Items from a dataset

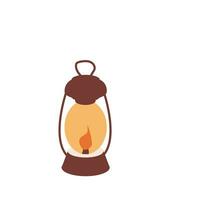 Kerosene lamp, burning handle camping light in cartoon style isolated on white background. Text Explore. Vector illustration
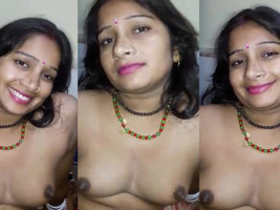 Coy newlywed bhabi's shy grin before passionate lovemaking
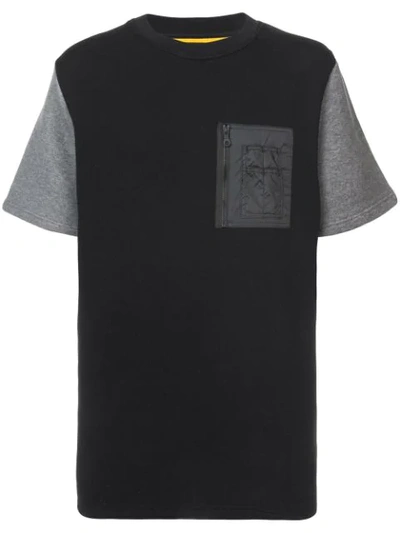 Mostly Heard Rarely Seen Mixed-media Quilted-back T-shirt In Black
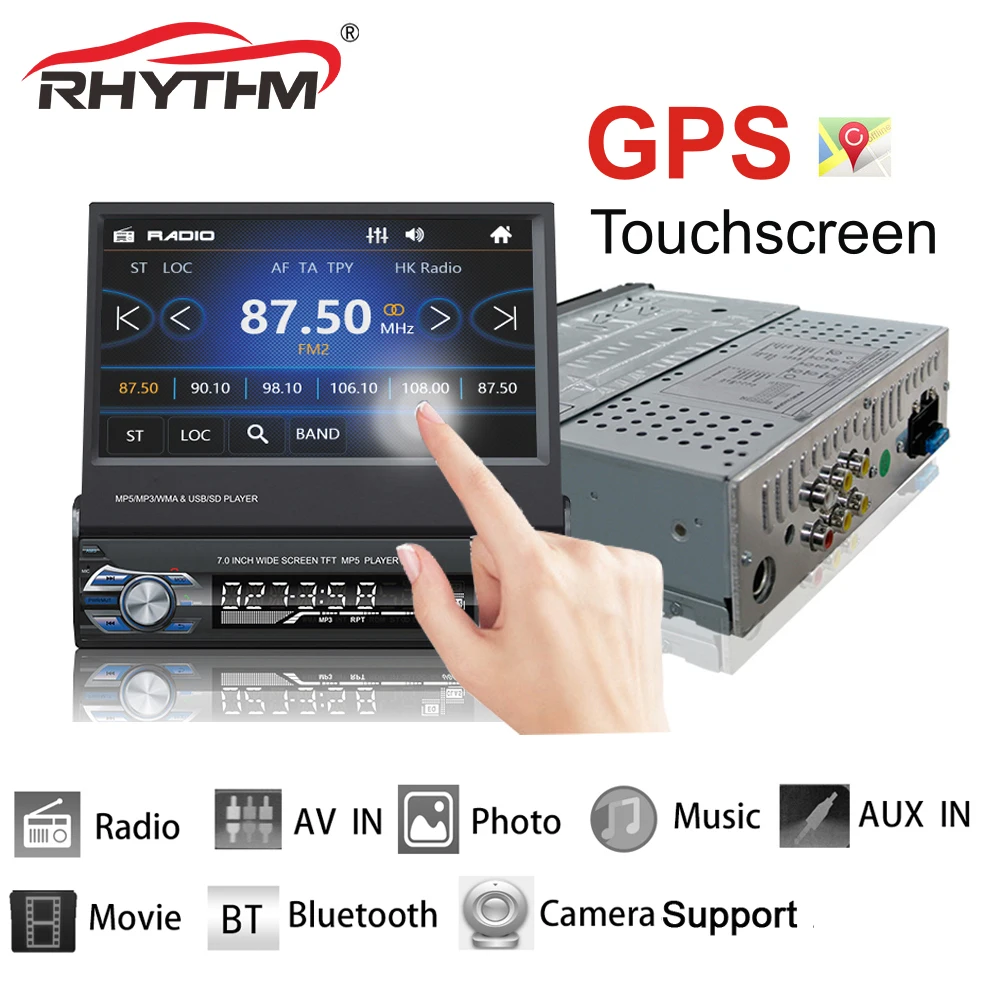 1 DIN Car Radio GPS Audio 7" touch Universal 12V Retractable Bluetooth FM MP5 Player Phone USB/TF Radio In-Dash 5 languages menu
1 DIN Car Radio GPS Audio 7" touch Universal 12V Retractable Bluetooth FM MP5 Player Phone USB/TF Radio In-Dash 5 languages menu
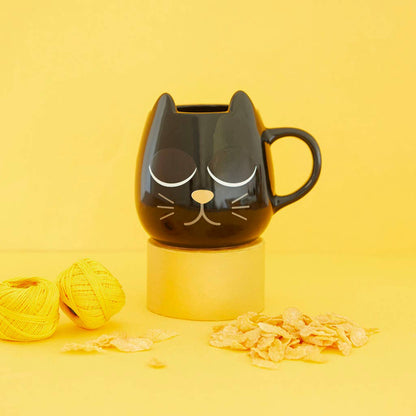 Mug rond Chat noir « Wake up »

Exercise requirements
Print exactly the lines from the first line of the records above through the line containing "Mostly Heard Rarely", both included, and leave the pictures out.

Answer
 Kerosene lamp, burning handle camping light in cartoon style isolated on white background. Text Explore. Vector illustration
 Coy newlywed bhabi's shy grin before passionate lovemaking
 Mostly Heard Rarely Seen Mixed-media Quilted-back T-shirt In Black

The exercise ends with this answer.